# Exercise data

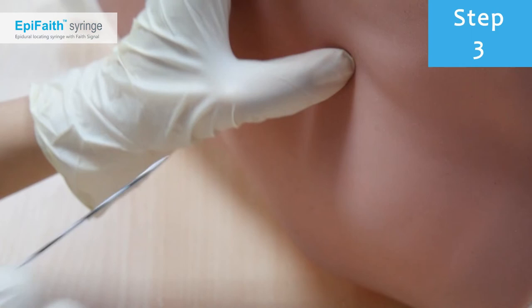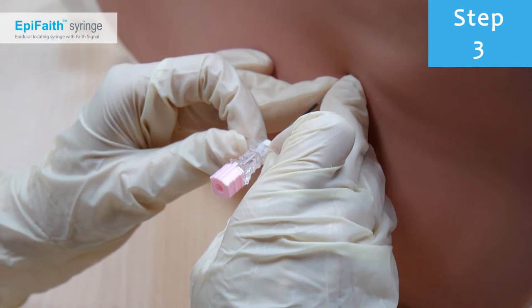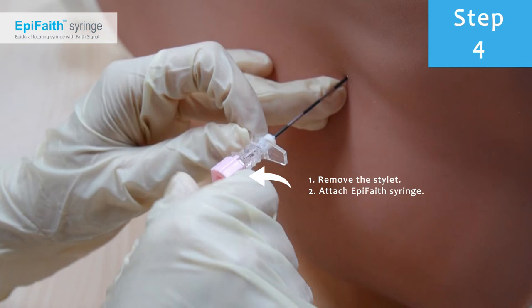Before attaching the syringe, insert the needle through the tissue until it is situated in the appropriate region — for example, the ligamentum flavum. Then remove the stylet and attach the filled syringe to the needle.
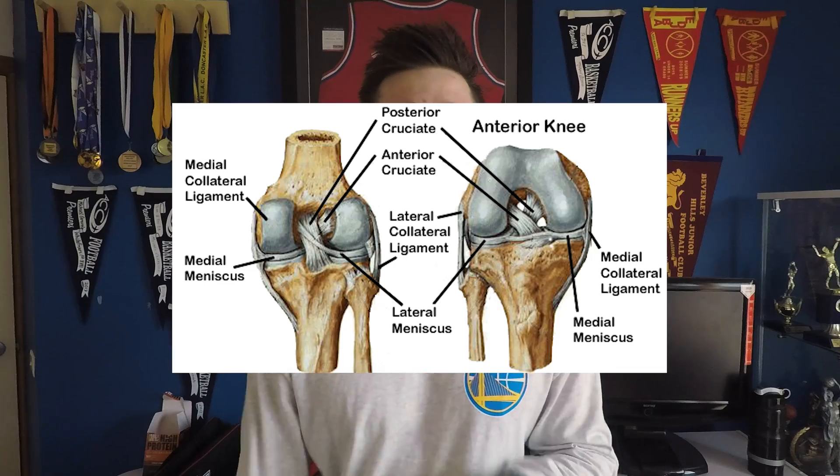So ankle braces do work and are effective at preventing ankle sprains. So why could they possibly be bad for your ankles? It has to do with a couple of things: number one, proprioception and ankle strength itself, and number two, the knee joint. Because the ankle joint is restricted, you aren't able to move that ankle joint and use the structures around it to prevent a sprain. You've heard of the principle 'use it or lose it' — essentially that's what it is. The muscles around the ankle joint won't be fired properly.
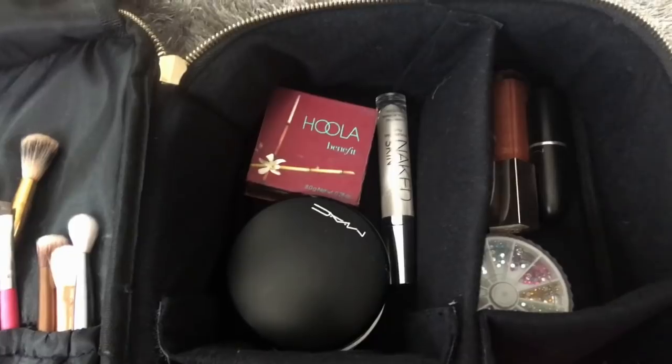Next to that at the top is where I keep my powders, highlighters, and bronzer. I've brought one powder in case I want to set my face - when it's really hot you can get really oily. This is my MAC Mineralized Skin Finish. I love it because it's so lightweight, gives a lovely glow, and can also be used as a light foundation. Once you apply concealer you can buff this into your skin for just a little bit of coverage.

* * *

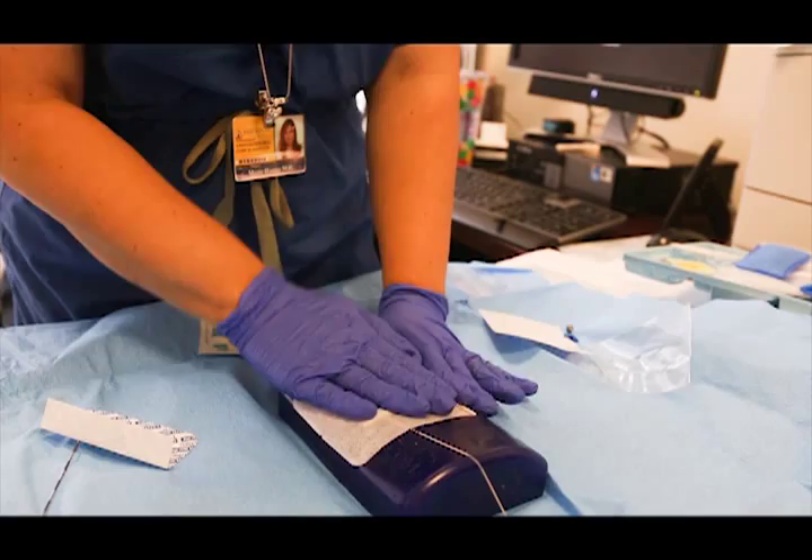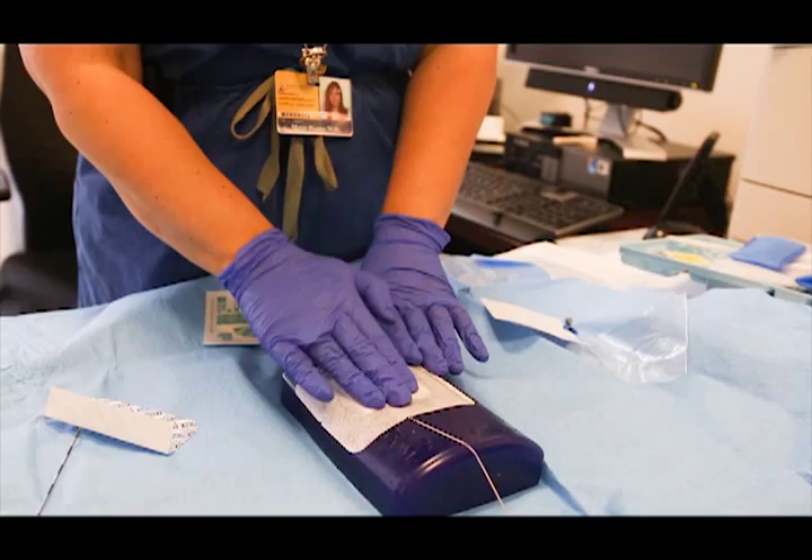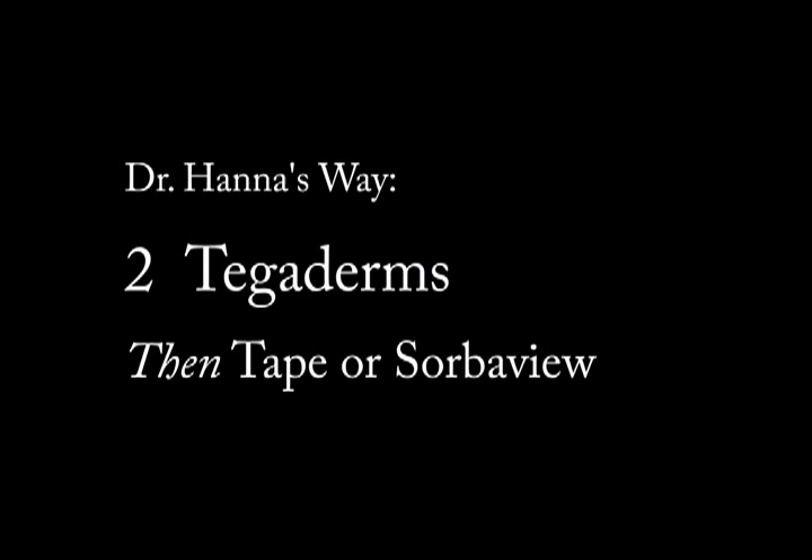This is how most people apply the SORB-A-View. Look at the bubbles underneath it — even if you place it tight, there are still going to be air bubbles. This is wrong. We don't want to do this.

# Exercise aim
Using the entries above, transcribe exactly from the line that has "So ankle braces" through the line that has "Next to that". Pictures are dropped.

# Solved exercise
So ankle braces do work and are effective at preventing ankle sprains. So why could they possibly be bad for your ankles? It has to do with a couple of things: number one, proprioception and ankle strength itself, and number two, the knee joint. Because the ankle joint is restricted, you aren't able to move that ankle joint and use the structures around it to prevent a sprain. You've heard of the principle 'use it or lose it' — essentially that's what it is. The muscles around the ankle joint won't be fired properly.
Next to that at the top is where I keep my powders, highlighters, and bronzer. I've brought one powder in case I want to set my face - when it's really hot you can get really oily. This is my MAC Mineralized Skin Finish. I love it because it's so lightweight, gives a lovely glow, and can also be used as a light foundation. Once you apply concealer you can buff this into your skin for just a little bit of coverage.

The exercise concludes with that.